Students wanting to study a growing area of marketing that combines technology with the art of product promotion have an excellent resource in Debra Zahay-Blatz, Professor of Marketing. Zahay-Blatz joined AU this fall and brings with her vast knowledge and experience in digital marketing. She has been teaching Internet marketing for nearly 15 years and is the co-author of the leading text in the field, “Internet Marketing: Integrating Online and Offline Strategies.” Zahay-Blatz will apply her expertise to two new academic programs at AU: the Master of Science in Digital Marketing and Analytics beginning spring 2014, and the minor in digital marketing, which will start fall 2014.

Zahay-Blatz has former students placed in all areas related to digital marketing, including search, social, email, web site design and usability as well as direct and database firms and general marketing positions. “At AU I see the same, if not greater, potential for our students,” she said. “We are doing something unique in terms of having a digital marketing minor that is cross disciplinary to some extent with the communication department. The minor will be open to all students, not just those in business, and will give students a valuable specialization to help them in the job market.”

Zahay-Blatz added that the master’s program will provide students with the marketing, management and research skills needed for a successful career in a fast-growing, high-tech, “big data” business environment. Big data, or database marketing and data analytics, is Zahay-Blatz’s area of expertise. The coursework also will include relevant real-world application.

Digital marketing, according to Zahay-Blatz, is more contemporary than interactive marketing, a concept dating from the mid 1990s. Interactive marketing is when there is communication with a customer and his or her response is remembered. The next time there is contact, there is a demonstration of what was remembered. An example is Amazon.com giving customer recommendations based upon their collaborative filtering processes. “You don’t need technology to be an interactive marketer,” said Zahay-Blatz. “The original interactive marketers were salespeople because they listened and responded. We are moving to ‘digital’ to reflect what is happening in the practice and in the job market. The digital technologies we are teaching include those enabled by the Internet and also digital media design.”

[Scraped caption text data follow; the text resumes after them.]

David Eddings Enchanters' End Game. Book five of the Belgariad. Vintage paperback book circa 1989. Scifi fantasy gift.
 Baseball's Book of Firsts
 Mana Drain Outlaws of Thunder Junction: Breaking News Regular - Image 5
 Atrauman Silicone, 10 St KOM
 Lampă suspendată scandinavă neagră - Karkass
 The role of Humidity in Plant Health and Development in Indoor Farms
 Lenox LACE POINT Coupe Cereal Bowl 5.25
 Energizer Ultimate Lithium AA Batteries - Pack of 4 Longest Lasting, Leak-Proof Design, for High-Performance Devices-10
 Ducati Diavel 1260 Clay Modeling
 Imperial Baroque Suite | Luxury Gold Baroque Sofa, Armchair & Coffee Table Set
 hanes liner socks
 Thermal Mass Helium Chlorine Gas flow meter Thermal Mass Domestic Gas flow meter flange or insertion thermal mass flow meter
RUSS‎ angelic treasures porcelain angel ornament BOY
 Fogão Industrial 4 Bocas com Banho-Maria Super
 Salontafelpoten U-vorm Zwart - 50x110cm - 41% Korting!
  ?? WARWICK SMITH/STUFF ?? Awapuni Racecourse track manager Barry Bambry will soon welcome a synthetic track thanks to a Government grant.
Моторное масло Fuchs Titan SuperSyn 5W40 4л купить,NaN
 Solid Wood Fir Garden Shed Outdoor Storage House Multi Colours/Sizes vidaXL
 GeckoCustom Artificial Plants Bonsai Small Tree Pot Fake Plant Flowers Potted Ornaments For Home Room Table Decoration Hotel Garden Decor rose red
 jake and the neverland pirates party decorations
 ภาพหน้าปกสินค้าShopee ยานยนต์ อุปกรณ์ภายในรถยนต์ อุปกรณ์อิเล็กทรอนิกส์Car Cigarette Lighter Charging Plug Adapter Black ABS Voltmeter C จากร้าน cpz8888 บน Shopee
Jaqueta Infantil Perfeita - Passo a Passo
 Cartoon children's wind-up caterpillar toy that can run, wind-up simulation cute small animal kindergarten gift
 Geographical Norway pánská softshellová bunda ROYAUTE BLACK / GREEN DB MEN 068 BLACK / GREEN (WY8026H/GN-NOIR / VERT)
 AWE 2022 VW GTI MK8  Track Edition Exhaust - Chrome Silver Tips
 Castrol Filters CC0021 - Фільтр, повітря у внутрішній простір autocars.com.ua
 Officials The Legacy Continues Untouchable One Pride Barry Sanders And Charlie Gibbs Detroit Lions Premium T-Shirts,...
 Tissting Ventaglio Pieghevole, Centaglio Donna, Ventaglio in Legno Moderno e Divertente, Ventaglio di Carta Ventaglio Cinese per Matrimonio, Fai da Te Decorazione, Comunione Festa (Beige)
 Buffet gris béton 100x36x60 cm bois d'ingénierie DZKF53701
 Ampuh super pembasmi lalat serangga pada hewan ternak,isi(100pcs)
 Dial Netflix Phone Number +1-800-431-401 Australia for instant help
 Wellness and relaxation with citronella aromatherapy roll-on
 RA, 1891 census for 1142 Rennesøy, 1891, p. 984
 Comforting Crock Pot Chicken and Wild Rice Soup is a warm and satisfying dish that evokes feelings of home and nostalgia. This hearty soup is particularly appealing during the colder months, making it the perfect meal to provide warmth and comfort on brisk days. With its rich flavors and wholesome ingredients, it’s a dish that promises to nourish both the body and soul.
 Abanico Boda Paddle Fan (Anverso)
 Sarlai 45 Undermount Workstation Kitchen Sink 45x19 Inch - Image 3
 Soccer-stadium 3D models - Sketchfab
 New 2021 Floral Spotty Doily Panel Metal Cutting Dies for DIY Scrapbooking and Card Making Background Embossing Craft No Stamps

Zahay-Blatz specializes in projects where students can apply classroom knowledge and create work products that will help them in their job search. Projects range from integrated marketing communications campaigns to personal social media plans to the Google Online Marketing Challenge. The digital marketing programs will prepare students for many types of jobs. On a recent visit to Indeed.com, Zahay-Blatz reported that more than 26,000 jobs had “digital marketing” in the title or job description, with over 1,600 being in Illinois.

Because of the number of jobs available and the fact that digital marketing is everywhere, Zahay-Blatz encourages students to explore the field. “I like studying and teaching technology and how it can be used intelligently in marketing,” said Zahay-Blatz. “ The biggest reward for me is working with students and helping them realize they can contribute to our discipline.”